Use text and image to classify unlabelled fashion catalog data
Classify the fashion products by category. Add a “category” field to each product in the product_data.json file as output. Note: ● You are expected to spend no more than 3-4 hours on this challenge. ● You can use the language of your choice. ● You can use any technology available on the internet.
Upload the following to Github:
- Code with README file
- Classification results for all 1000 fashion products added to the input json file
- Answers to the following questions:
- Why are you designing the solution in this way?
- What are the aspects that you considered when designing?
- What are the cases your solution covers, how are they covered and why are they important?
- What are the cases your solution does not cover and what are the ways you can extend your current solution for them?
The biggest constraint of this project was to get a working solution with the most coverage and accuracy possible in a very short amount of time (3-4 hours). Given the constraints, I chose to use simple, yet quality models to make use of text and image for predicting class. Quick iteration and debugging was done in notebooks. I also focused on minimizing boiler plate code and fit most of the code into small utility functions that would implement the functionality needed.
I wanted to make use of both text and image to get the best classification performance, but didn't have a lot of time to iterate due to the time constraints. A huge constraint was the fact that the data was unlabelled. Some quick observations of the data helped me to see that simple token matching could actually provide reasonable coverage with good accuracy (~15%-20% coverage). For the image side, I felt that we would need some ML model to help process the image features. I was very lucky to find an already labelled dataset that ended up translating fairly well to the product images in this dataset. Some more of my thought process is documented in the notes below.

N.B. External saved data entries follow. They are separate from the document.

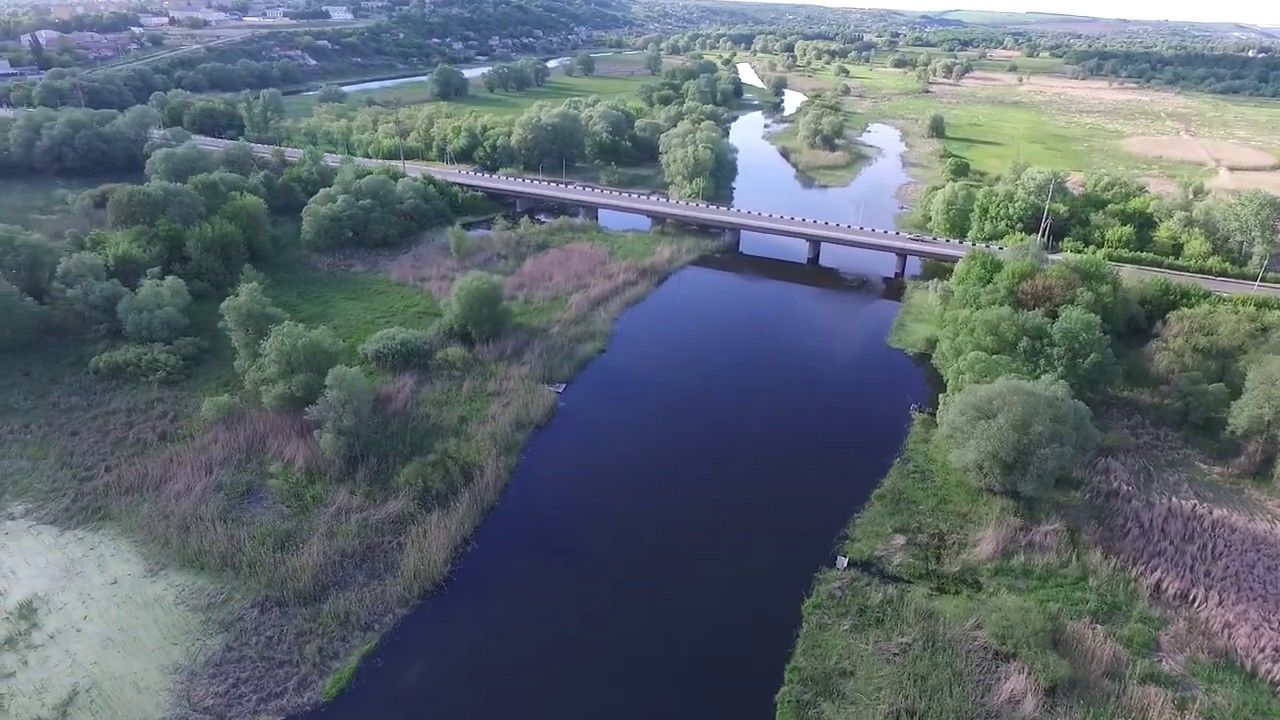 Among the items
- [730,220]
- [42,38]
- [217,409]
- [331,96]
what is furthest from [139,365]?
[42,38]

The current solution will provide a prediction for every item in our json data, however the coverage is not truly 100%. The text model was not able to predict on all descriptions and the image model I used did not predict all of the labels that we cared about. My solution does a great job finding products with explicit text description of the item and using that data to predict class. It also predicts very well for image labels covered, however most of the image data we trained the model with was using an image of the item itself, whereas some of our product images contain a person and other articles along with the fashion item of interest.
What are the cases your solution does not cover and what are the ways you can extend your current solution for them?
As mentioned above, we need to improve the coverage for our model. The first thing would be to ensure we can predict all classes from an image. The best way to do this would be to human-label some of our data and train an image model much like I did in the notebook. For text, if we have human-labelled data, we can use text embedding or other features to input to a predictive model as well. An ideal model would have a text embedding and an image embedding that we feed into a network trained on our human-labelled product data. This would have 100% coverage and most likely would work well to predict even new items that were added to the catalog.
Scoping: The first thing I noticed right away is that the data is unlabelled. Procuring clean, labelled data is the initial bottleneck to solving the problem, so I can think of a few options: Unsupervised clustering - cluster the dataset using some combination of text and image attributes or embedding. Then map each cluster to a tag Might be hard to tune and also what if there is class imbalance as in the real world. I think it will be very tricky to map cluster to label Manually Label - I could fairly quickly manually label the dataset, although I do not have any tools to quickly do this and may need to flip through urls. It would take some time and probably prohibitive to label all 1000 data points since I only have a few hours. Find a labelled dataset or, even better, pretrained model - this method would be fastest if I can find a dataset with similar labels. "labelled fashion categories datset" google search came up with something promising: https://medium.com/data-science-insider/clothing-dataset-5b72cd7c3f1f. I think this approach will be best given the time constraint. Cons - we don't know how the dataset will translate since most of the labelled data is of a cropped item, whereas our dataset has a lot of full-outfit images. Rules-based - looking at the text data, it looks like we could probably do some quick, simple term-matching
Goal: Next thing to consider is how good do we want the classification to be? No thresholds were given and we would also need to manually label the dataset to get a set of metrics (accuracy, precision, recall, etc.) to evaluate our model. I'm going to assume we're looking for a working solution that is able to classify some of these items, but no benchmarks to beat, we are going 0->1. Depending on how things go, we can either label some randomly sampled data as a test set, or just eye ball the predictions since the problem does not specify.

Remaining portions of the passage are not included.